Of course I could be like Neil Gaiman who has made tagging into another creative practice that serves not so much to organize individual entries into broader categories as to make them even more distinct from each other, but since this is a research blog (mostly) I think I would drive myself crazy, and maybe my readers as well (if there are any!).
But now that I am trying to tag entries when I write them, I realize that sometimes it’s not easy to identify what the most dominant categories will really be, so it may have worked out better that I went a month before starting. Looking back at the summer’s entries, I can actually see the major themes and pick those as tags, which should also make it clearer to passersby what I’m writing about here.
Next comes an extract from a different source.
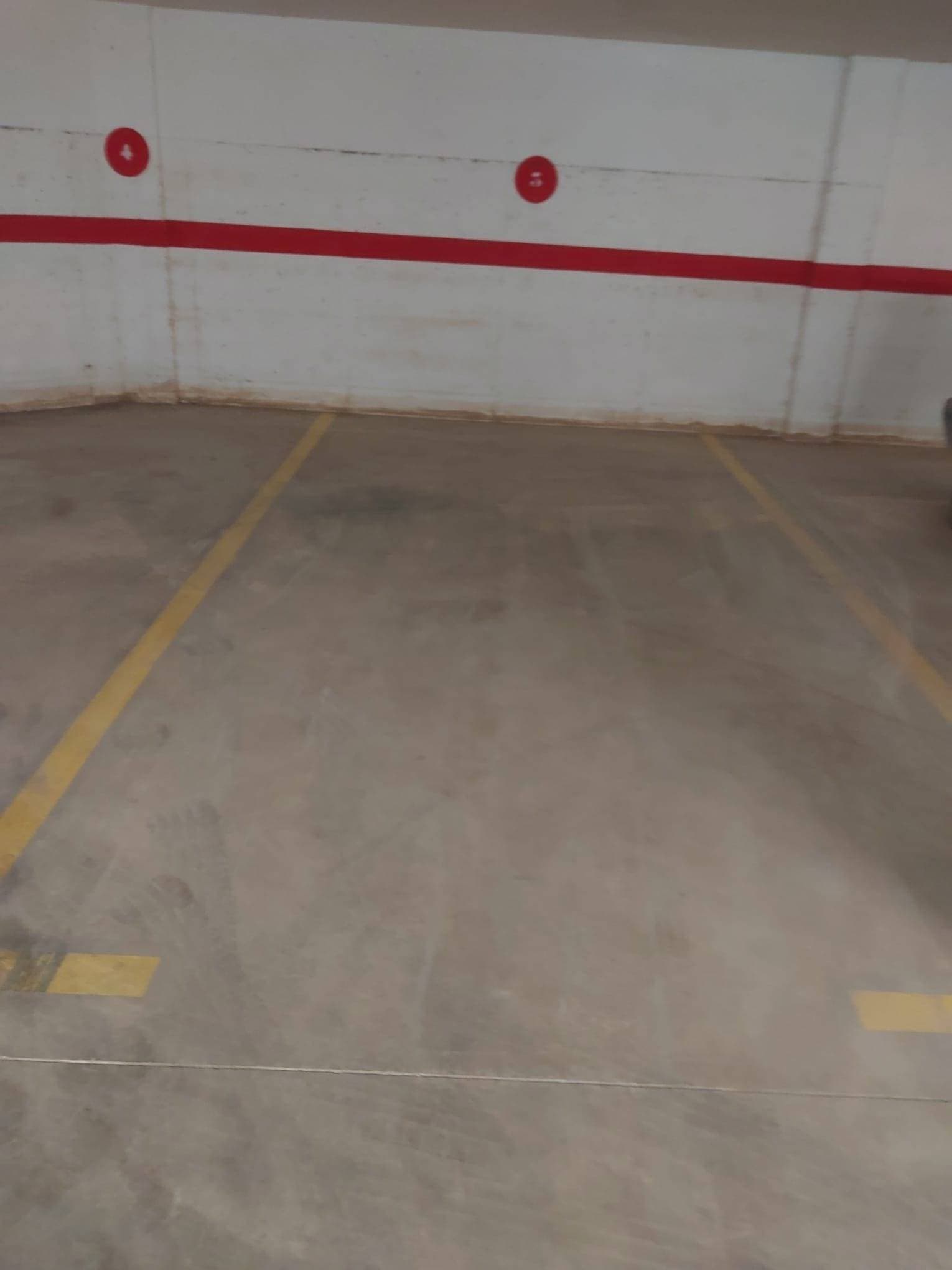 A unique opportunity to acquire parking spaces in the prime location of Calle Caravaca de la Cruz, number 4, in San Pedro del Pinatar. This parking facility offers an ideal solution for those seeking security and convenience when parking their vehicle in a high-demand area. The spaces are attractively priced starting at just €8,500 and have a total constructed area of ​​approximately 15 square meters. They are in good condition and ready for immediate use without the need for renovations or additional adaptations.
And I think this works differently in blogs than at sites like Del.icio.us–I’ll write about that kind of tagging later.
This is a really pragmatic approach and it’s in tension with another impulse (of mine, at least) to use tags that will intrigue readers and make me look more interesting. So for example, instead of just tagging posts about particular people as “friends” or “scholars” or something like that, it’s tempting to say “academic rock stars” which is silly, but sounds fun, or “people I wish acknowledged my presence” which makes me sound completely neurotic, but still my be more interesting. Over on the nettime list our discussion of ex/including the personal from/in academic writing has made me think in a more organized way about how much I constantly and keenly feel this tension. It seems at least some others feel it too, but it’s hard to talk about even when we sort of give ourselves permission as we have in this particular thread, because I can’t help but feel that my normal levels of enthusiasm and whimsy, which I usually filter out of my academic work, are going to cost me the respect of serious scholars…now I really sound neurotic!
Anyway, I think that by and large it’s worth the risk. The pleasure of scholarly work is so much greater when combined with friendship, for example and/or ethical conviction is so much greater than simple intellectual interest, that the chance of increasing my chances of having more of it far outweighs any anxiety.